The central bank might maintain its accommodative monetary policy for the foreseeable future amid rising uncertainty about the global economy, its September board meeting minutes showed, while one member of the board of directors raised the possibility of adjustments.
Several directors urged the monetary authority to look beyond this and next year when setting policy rates.
“The board might need to be prepared for careful deliberation on whether to adjust the policy rate in the upcoming quarter or the next six months,” one director said.
Maintaining the low interest rate would not necessarily be good for the long-term development of the economy, considering the interplay between interest rates and prices, the board member said.

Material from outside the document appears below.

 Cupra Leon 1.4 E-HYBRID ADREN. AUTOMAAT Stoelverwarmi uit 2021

It is advisable to monitor and assess the paths of policy rates in major economies, the director said, adding the US and UK had both raised their interest rates, while China and South Korea had higher policy rates than Taiwan’s.

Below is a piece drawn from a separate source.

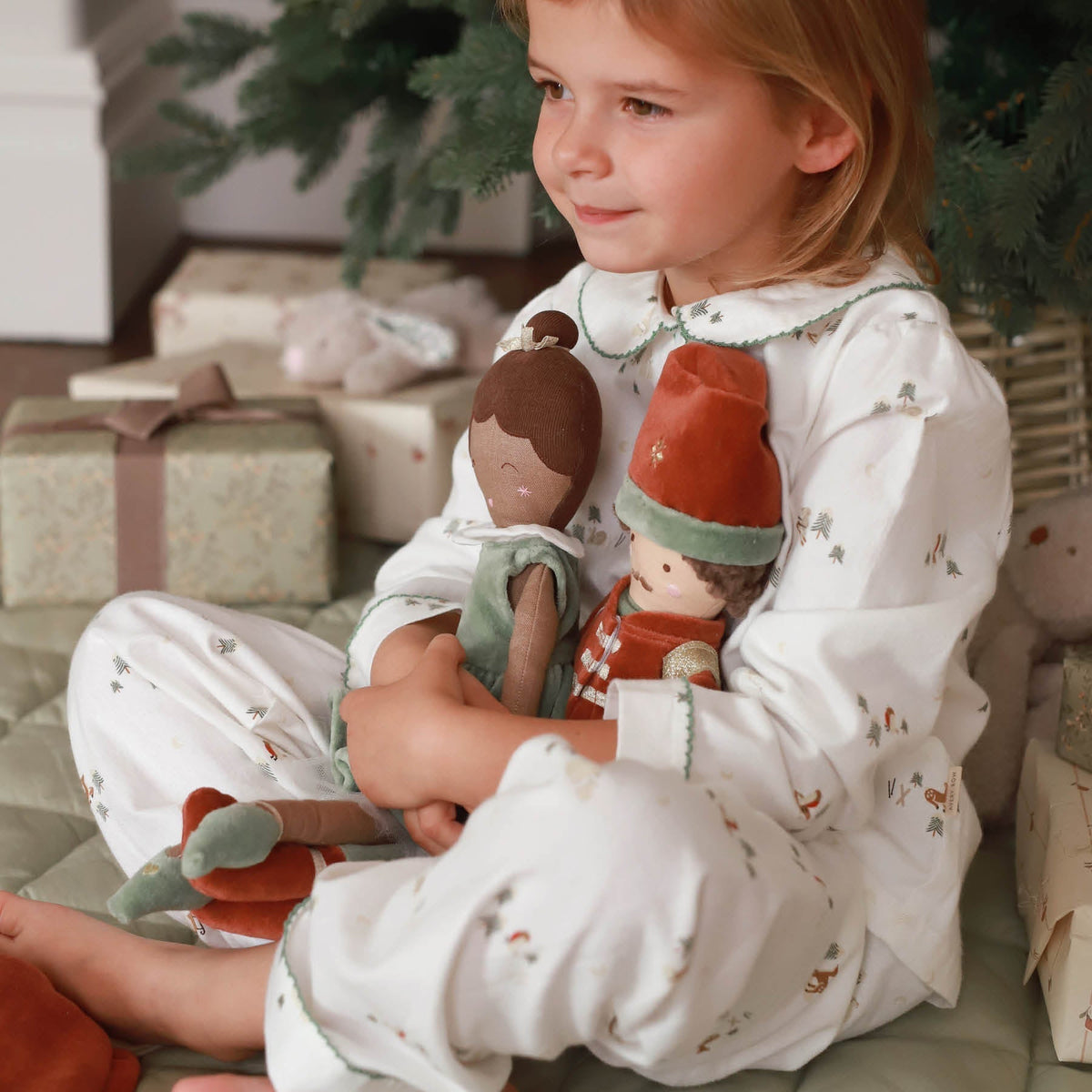 Avery Row Children's Christmas Flannel Pyjamas - Winter Ski/Green Trim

In addition, consumer prices had risen more than 1.5 percent for eight consecutive months by September, pushing Taiwan’s real interest rates into negative territory, the board member said.
Other directors suggested that the central bank look at longer-term trends when making policy, as it considers variables in the current and next year instead of three or four years ahead.
Upcoming rate adjustments do not have to follow previous patterns and approaches, another director said.
The US interest rate policy is in general more preemptive, because the US Federal Reserve not only considers current inflation and liquidity, but also adjusts rates as a precaution in response to inflation and market liquidity expectations, the director said.
Monetary policy should be based on predictions, and greater monetary policy flexibility and responsiveness require more thorough analyses and projections, they said.
Rate adjustments could be put to a discussion to allow sufficient space for monetary policy maneuvering in case the global economy slumps into a recession that affects Taiwan, another director said.
Policy rates should also take into consideration potential risks facing the global economy in several years’ time, directors said.
Some Taiwanese firms were considering strategically relocating their production bases and stable interest rates might help convince them to invest their funds in Taiwan, they said.
However, low interest rates might prevent optimal fund allocation, they added.
Directors shared the concern that major economies might be headed for moderation next year as the US-China trade spat intensifies.
Global inflation would gain traction this year and climb further next year, reflecting weakness in several currencies and rising energy prices, directors said.